*** Opening Exercise material ***
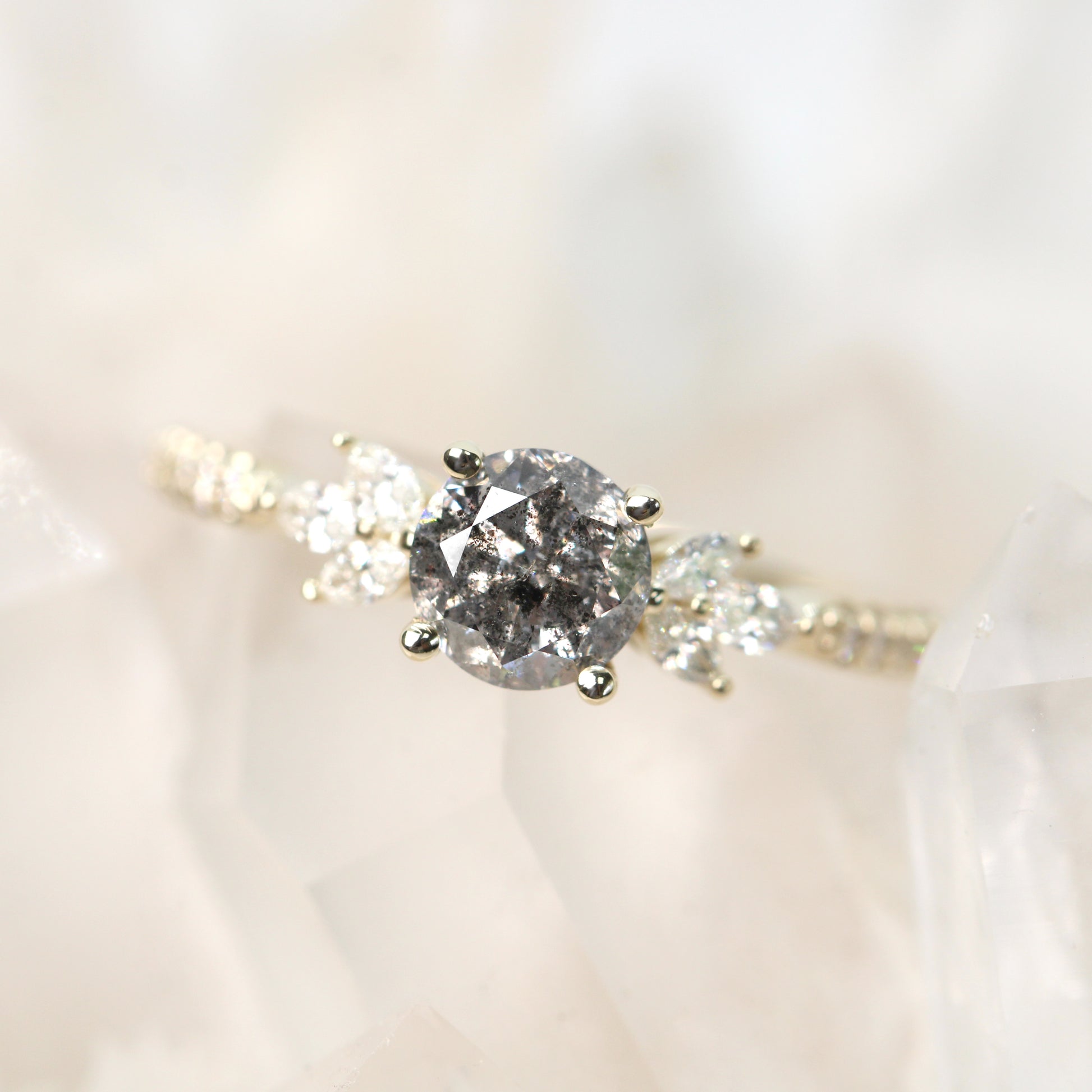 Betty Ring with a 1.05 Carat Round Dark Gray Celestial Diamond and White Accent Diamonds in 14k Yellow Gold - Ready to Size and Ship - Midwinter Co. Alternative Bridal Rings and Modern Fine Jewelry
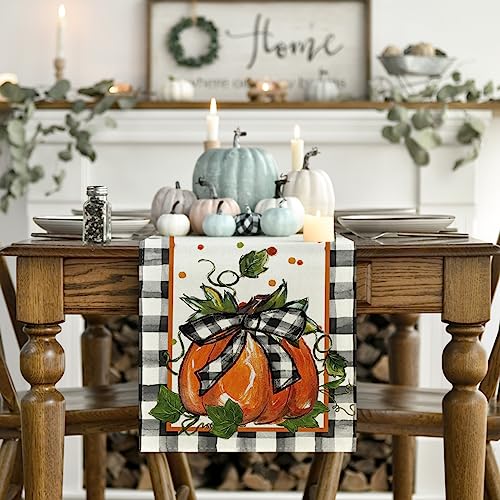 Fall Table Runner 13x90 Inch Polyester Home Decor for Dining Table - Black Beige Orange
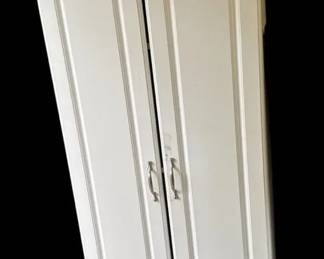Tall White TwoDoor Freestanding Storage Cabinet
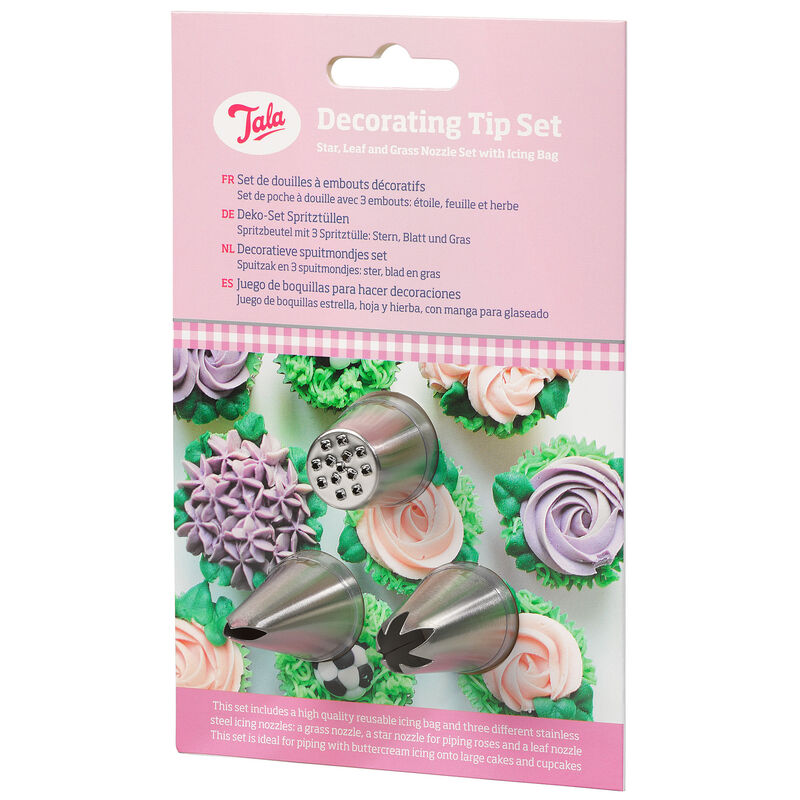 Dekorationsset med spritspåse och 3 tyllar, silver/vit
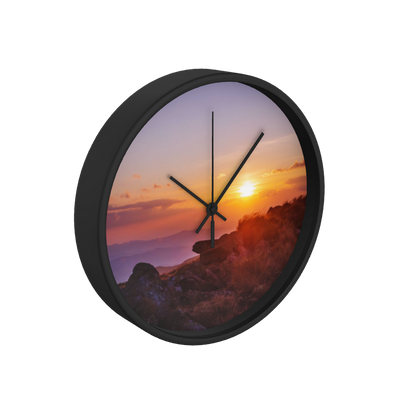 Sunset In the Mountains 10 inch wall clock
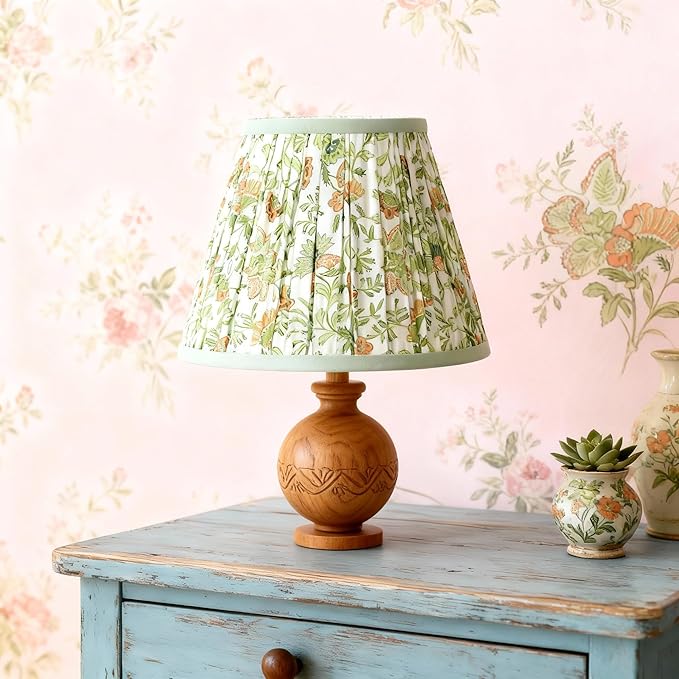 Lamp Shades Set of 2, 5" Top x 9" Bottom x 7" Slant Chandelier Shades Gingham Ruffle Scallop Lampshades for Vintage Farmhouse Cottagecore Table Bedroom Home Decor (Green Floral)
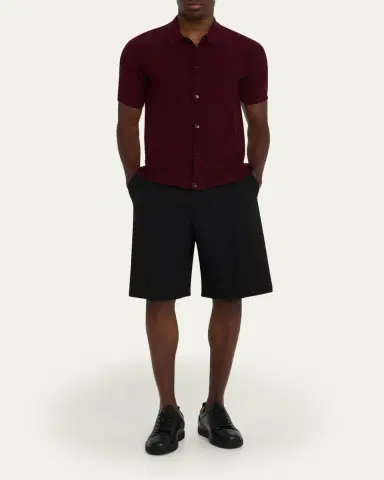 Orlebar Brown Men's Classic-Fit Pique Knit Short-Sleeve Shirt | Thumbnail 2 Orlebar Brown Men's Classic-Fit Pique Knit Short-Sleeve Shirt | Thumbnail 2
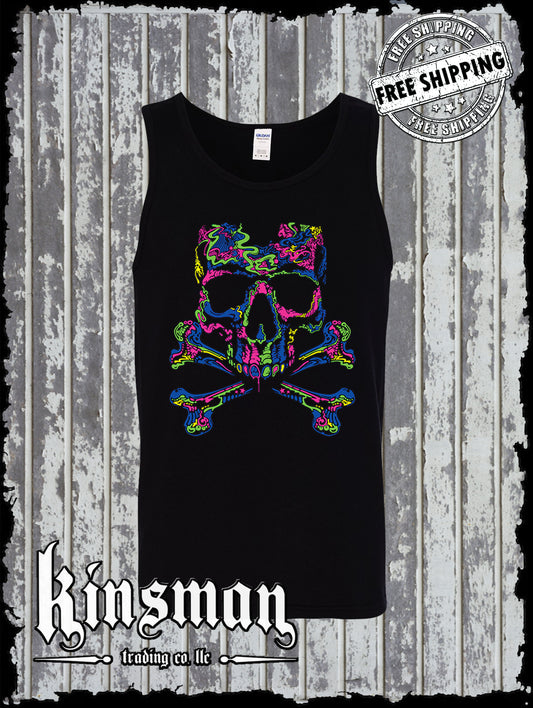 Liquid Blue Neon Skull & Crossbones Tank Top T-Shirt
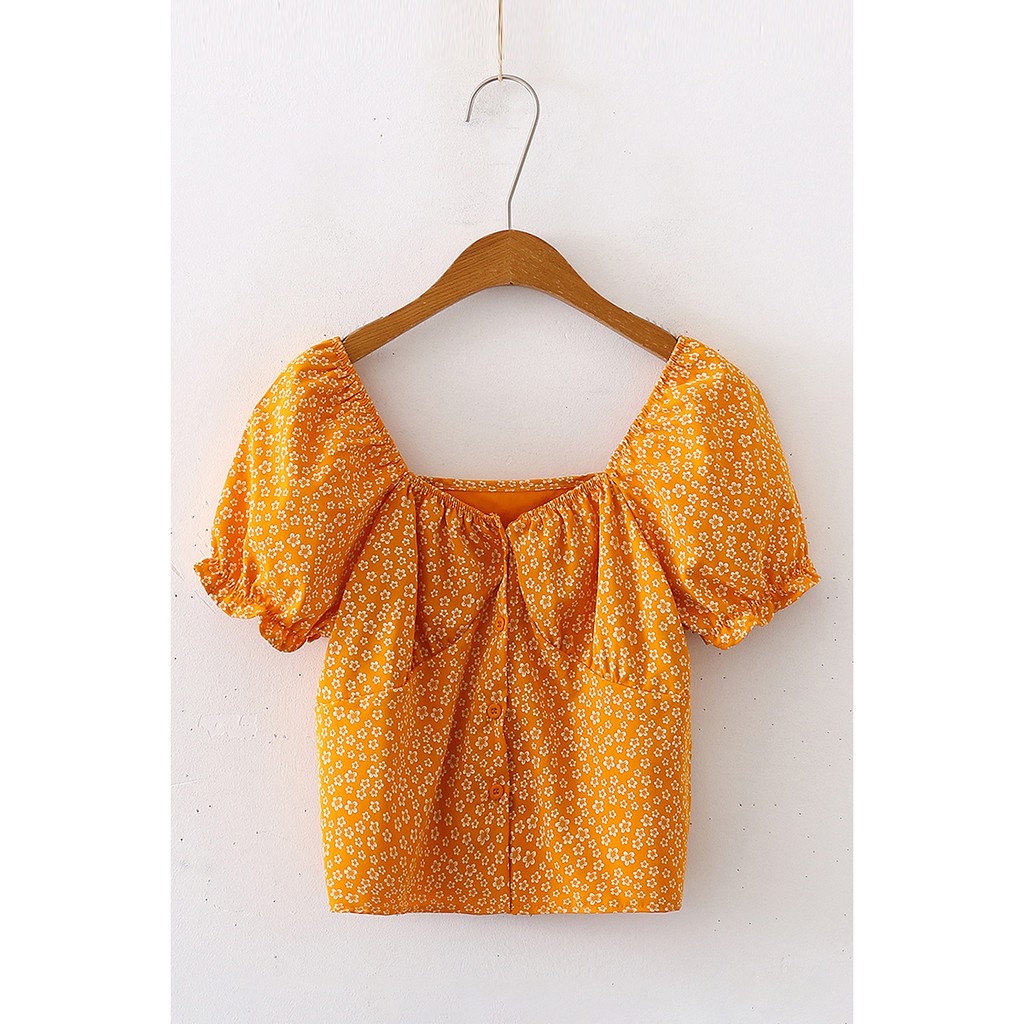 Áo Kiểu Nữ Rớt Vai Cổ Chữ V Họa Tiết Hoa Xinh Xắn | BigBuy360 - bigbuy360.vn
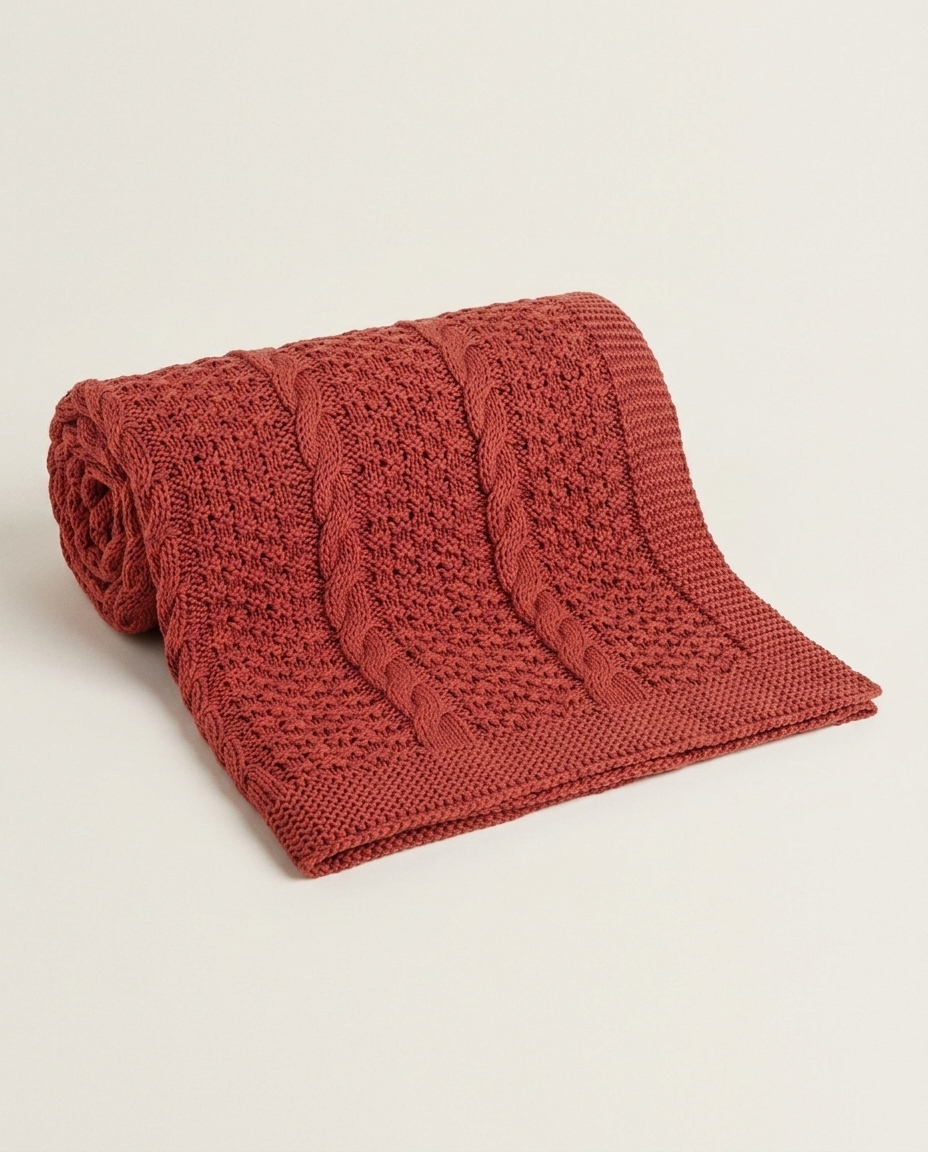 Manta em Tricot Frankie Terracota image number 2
*** Closing Exercise material ***
> **Work item**: Output the lines above in full and exactly as given, omitting any pictures.

> **Result of the task**:
 Betty Ring with a 1.05 Carat Round Dark Gray Celestial Diamond and White Accent Diamonds in 14k Yellow Gold - Ready to Size and Ship - Midwinter Co. Alternative Bridal Rings and Modern Fine Jewelry
 Fall Table Runner 13x90 Inch Polyester Home Decor for Dining Table - Black Beige Orange
Tall White TwoDoor Freestanding Storage Cabinet
 Dekorationsset med spritspåse och 3 tyllar, silver/vit
 Sunset In the Mountains 10 inch wall clock
 Lamp Shades Set of 2, 5" Top x 9" Bottom x 7" Slant Chandelier Shades Gingham Ruffle Scallop Lampshades for Vintage Farmhouse Cottagecore Table Bedroom Home Decor (Green Floral)
 Orlebar Brown Men's Classic-Fit Pique Knit Short-Sleeve Shirt | Thumbnail 2 Orlebar Brown Men's Classic-Fit Pique Knit Short-Sleeve Shirt | Thumbnail 2
 Liquid Blue Neon Skull & Crossbones Tank Top T-Shirt
 Áo Kiểu Nữ Rớt Vai Cổ Chữ V Họa Tiết Hoa Xinh Xắn | BigBuy360 - bigbuy360.vn
 Manta em Tricot Frankie Terracota image number 2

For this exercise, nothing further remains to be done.